▶ _Exercise objective_
Transcribe exactly the lines below that begin at the line with "29.06.2025 - hella" and stop after the line with "당 대표 선거 출마를", leaving out every picture.

▶ _Supplied records_
= = = = =

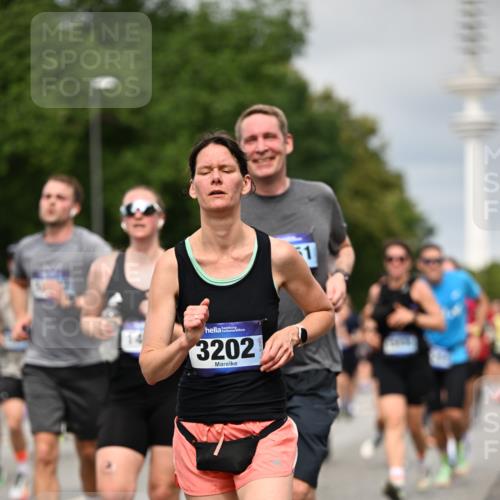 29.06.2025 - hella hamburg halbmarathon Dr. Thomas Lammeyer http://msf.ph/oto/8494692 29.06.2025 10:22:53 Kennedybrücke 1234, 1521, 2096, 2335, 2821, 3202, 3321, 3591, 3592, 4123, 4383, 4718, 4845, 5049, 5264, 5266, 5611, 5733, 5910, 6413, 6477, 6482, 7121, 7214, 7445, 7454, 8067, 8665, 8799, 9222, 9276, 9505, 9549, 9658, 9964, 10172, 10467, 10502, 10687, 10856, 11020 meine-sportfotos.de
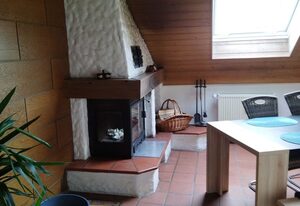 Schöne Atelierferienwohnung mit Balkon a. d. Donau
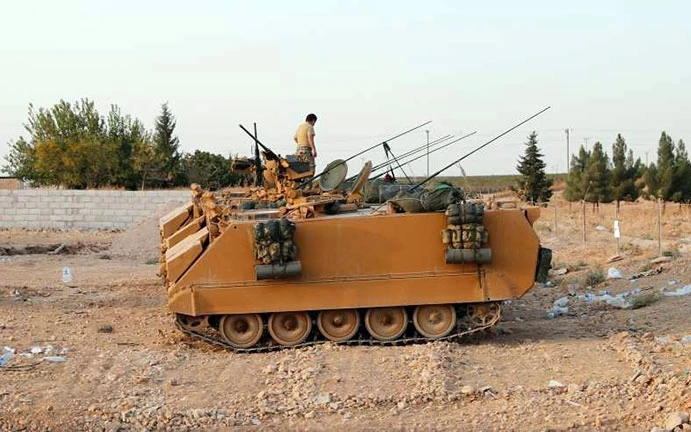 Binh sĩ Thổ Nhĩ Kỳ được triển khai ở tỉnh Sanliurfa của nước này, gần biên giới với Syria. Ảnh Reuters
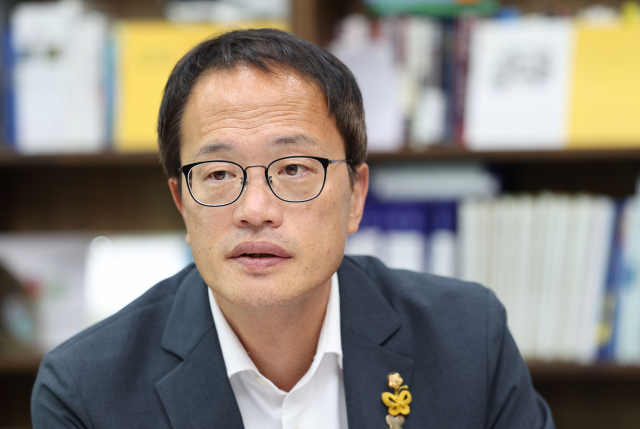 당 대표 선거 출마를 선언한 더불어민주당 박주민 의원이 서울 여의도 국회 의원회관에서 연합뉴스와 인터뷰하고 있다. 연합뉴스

= = = = =

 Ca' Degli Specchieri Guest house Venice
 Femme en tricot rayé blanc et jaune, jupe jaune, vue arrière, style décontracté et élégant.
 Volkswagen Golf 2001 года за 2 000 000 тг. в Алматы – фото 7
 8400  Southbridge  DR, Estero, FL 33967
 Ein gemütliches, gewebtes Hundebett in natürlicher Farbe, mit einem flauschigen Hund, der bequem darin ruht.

= = = = =

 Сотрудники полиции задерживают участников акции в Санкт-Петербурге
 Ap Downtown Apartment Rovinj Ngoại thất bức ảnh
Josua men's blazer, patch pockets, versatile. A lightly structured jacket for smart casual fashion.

= = = = =

▶ _Reply to the exercise_
 29.06.2025 - hella hamburg halbmarathon Dr. Thomas Lammeyer http://msf.ph/oto/8494692 29.06.2025 10:22:53 Kennedybrücke 1234, 1521, 2096, 2335, 2821, 3202, 3321, 3591, 3592, 4123, 4383, 4718, 4845, 5049, 5264, 5266, 5611, 5733, 5910, 6413, 6477, 6482, 7121, 7214, 7445, 7454, 8067, 8665, 8799, 9222, 9276, 9505, 9549, 9658, 9964, 10172, 10467, 10502, 10687, 10856, 11020 meine-sportfotos.de
 Schöne Atelierferienwohnung mit Balkon a. d. Donau
 Binh sĩ Thổ Nhĩ Kỳ được triển khai ở tỉnh Sanliurfa của nước này, gần biên giới với Syria. Ảnh Reuters
 당 대표 선거 출마를 선언한 더불어민주당 박주민 의원이 서울 여의도 국회 의원회관에서 연합뉴스와 인터뷰하고 있다. 연합뉴스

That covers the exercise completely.